Review: Continue? The Boss Fight Books Anthology


Continue? The Boss Fight Books Anthology by Gabe Durham

My rating: 4 of 5 stars


This whole collection of essays makes me think a lot about the semi-gonzo video game reviews that Tim Rogers is known for. The shorter format allows the authors to be much more creative than they can be in the full-size Boss Fight Books. It’s a very fun read overall. Here are my thoughts per entry:


Ken Sent Me – A fun piece about playing Leisure Suit Larry back in the 1990s and more recently. I was also a big fan of the Sierra games of the period, although I never played LSL. The essay is written with just the right amount of humor for talking about an early Sierra game.

Barbarians at the Door – A great exploration of Tower Defense games. I was also introduced to the genre via Plants vs Zombies and felt a lot of the same things the author did. They also explore a couple other topics like the free-to-play model that seemed like it was going to take over the whole industry back when the essay was written or the social implications behind tower defense.

Navigators – a somewhat depressing story about a father and son working together to beat a videogame.

JILLOJUN – An essay about a subversive computer game. When I was young my parents didn’t have a lot of discretionary money, so my experience of the early days of videogames was somewhat uneven. However, when I read essays like this one and think back to playing Sim City 1 and Civilization 1, it’s very interesting to me that computers didn’t win out over video game systems in America. (They did for a while in England and perhaps other parts of Europe) It is only most recently that we’ve had a renaissance in developers and publishers taking the PC seriously as a platform with only Nintendo as a complete holdout. It’s just another one of those times that the better system did not win (see BeOS vs early versions of Windows).

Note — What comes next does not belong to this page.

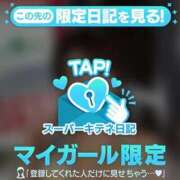 ヒメ日記 2025/11/21 15:54 投稿 イク ルーブル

How Megaman got his pistol back – Using Megaman as the main object of study, the author takes us on a journey of how box art was so radically different in Japan and North America in the 1980s and 1990s. They then bring us up to the present, highlighting changes in styles on both sides of the Pacific and how digital games and globalization have affected things. If the essay has one weakness, it’s a lack of images. It would have been awesome for BFB to allow for images in this section of the book so that readers don’t need to take to the internet to look for all the box art examples the author mentions.

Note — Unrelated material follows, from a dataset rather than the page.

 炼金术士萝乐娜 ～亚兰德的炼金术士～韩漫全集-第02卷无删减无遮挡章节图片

The John Lennin Xperience – a short story that covered a few topics like game addiction and para-social relationships. The best part was when it showed that if you’re not addicted to a game, you may just have not yet found the one that’s addictive for you.

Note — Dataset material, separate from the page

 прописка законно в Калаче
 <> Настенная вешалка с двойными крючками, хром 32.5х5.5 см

The big metal stomach – According to the opening copyright page, this isn’t one of the fictional stories. So it’s an autobiographical tale from early in video game history when arcades were incredibly important to the culture. It was about finding a public space to show off how great you were at video games before Steam profiles and achievements. It also starts off incredibly crazily for a true story.

Three videogames that feel horribly like life – a look at 3 games that push the boundaries of what games can do and, perhaps, showcase their emotional levels – like books, movies, and TV shows do.

No quarters given – about life and death of arcades and reliving the past. I wonder what the current generation will search for when they remember their young gamer days.

The Glitch – A short story only tangentially related to games. Very interesting how the short stories in here all seem to be on the sad side.

Leave Luck to Heaven – Too chaotic for me to read. Uncharacteristically for me, I gave up halfway through.

The Fall of the House of Ghostly – An era of video games I was slightly too young for. Although I remember a family friend or cousin having a Teddy Ruxpin. It’s interesting to see this early FMV-style game that didn’t quite have the tech to pan out.

John Starks – a bizarre fiction story about NBA Jam and some real basketball players.

FUCK VIDEO GAMES – A screed against trying to jam all forms of expression into video games.